Jim smirked. “Really? I hadn’t noticed.”
Blair lit a couple of candles, turned the lights down a bit, and threw a couple pillows on the floor. “We might as well be comfortable.”
“You’d better hope these pillows don’t get dirty.”
“On this floor? I doubt it. You could eat off of this floor.” Blair looked around, noticing even in the dimmed light how immaculate the place was. “Is this a Starfleet thing, or were you always this obsessively neat?”
“Just get on with it.” Jim sat down on the pillow.
Blair plunked down on the other one. “Ok, ok. Now close your eyes. Clear your mind and relax.” They did some slow breathing exercises for a while until Blair thought Jim was ready. “The day of the shooting--think back to a few minutes before you noticed anything wrong. You were on the Promenade. Tell me what you sensed first.”
“The people all around me. They were too noisy. A woman haggling over the price of a Bajoran figurine. Two old men discussing politics. A young girl gushing to her friend about the new dress she got at Garak’s. A couple of drunk tourists laughing about how much they drank. Then there was something else…a humming sound I’d heard before. It was a Cardassian disruptor.”
“Ok. Now where was the sound coming from?”
“High up. Second level. I turned towards the sound.”
“Tell me what you saw when you turned around and looked up.”

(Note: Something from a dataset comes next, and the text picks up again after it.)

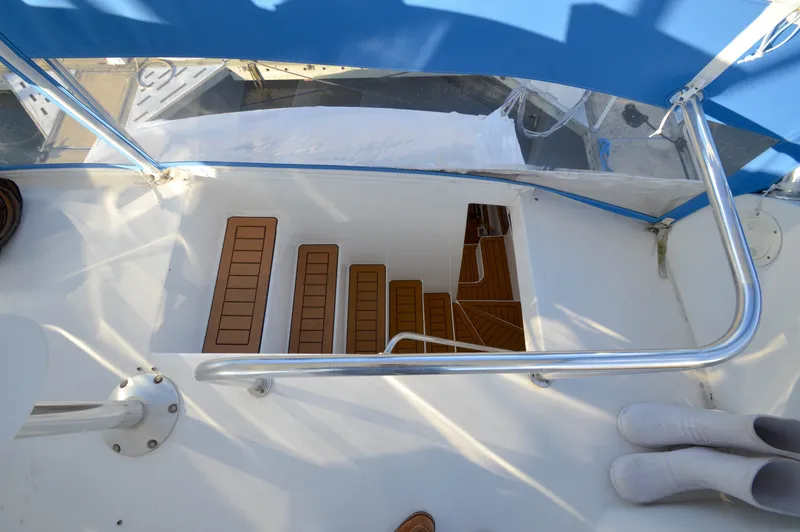 Slide: The Image of Staircase on a 2004 Chesapeake 58 boat with blue coverings. - 41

“A hooded figure. A man. He reached into his cloak, pulling out a disruptor. He pointed it at someone on the lower level. I yelled for everyone to get down and I fired. The weapon flared in his hand. The light! It was so…”
“Stop. Take a deep breath. Did you see the hooded man’s face? Did you get a look at it?”
Jim blinked rapidly, coming out of his meditative state. “No. The face was always turned away from me. I guess I won’t be able to remember what I never saw in the first place. But I did catch a glimpse of part of his profile—he had small nose ridges. And he said something when I shot his weapon. I don’t know why I didn’t remember that before. He said, ‘Prophets!’ It was a Bajoran!”
“Oh, wow! A Bajoran would try to kill one of his own Vedics? Boy, that’ll get you some really bad karma.”
“Karma? Wait. Don’t tell me. I don’t want to know. It probably involves a long, strange story.”
Blair ignored the comment. “How do we catch this guy? Most of the people on the station are Bajoran. Even though he’s got one messed up hand, he could find some way to disguise it and blend in or just hide out for a while. Do you think the Constable will be able to trace his genetic material?”
“That’s iffy, Chief. There were a lot of people, mostly Bajoran, running around on the walkway before security got up there to cordon off the area. They probably contaminated the evidence.”
“Wouldn’t the explosion have…well…blown off pieces of the guy’s hand?”
“Not with a disruptor—its energy doesn’t work that way. It would have been more like a flash fire instead of an explosion. Our attempted assassin is walking around with a badly charred, but intact, hand.” Jim paused for a moment. He had an idea. “I think we should try tracking him from a different route.”
“What do you mean?”
“Disruptors are illegal almost everywhere, so they aren’t just laying around. The guy probably bought it on the station—easier than trying to smuggle it aboard. We could try to trace the disruptor to the person. He’ll also need to get a new weapon. And there’s one place on DS9 where illegal activity always seems to thrive—Quark’s."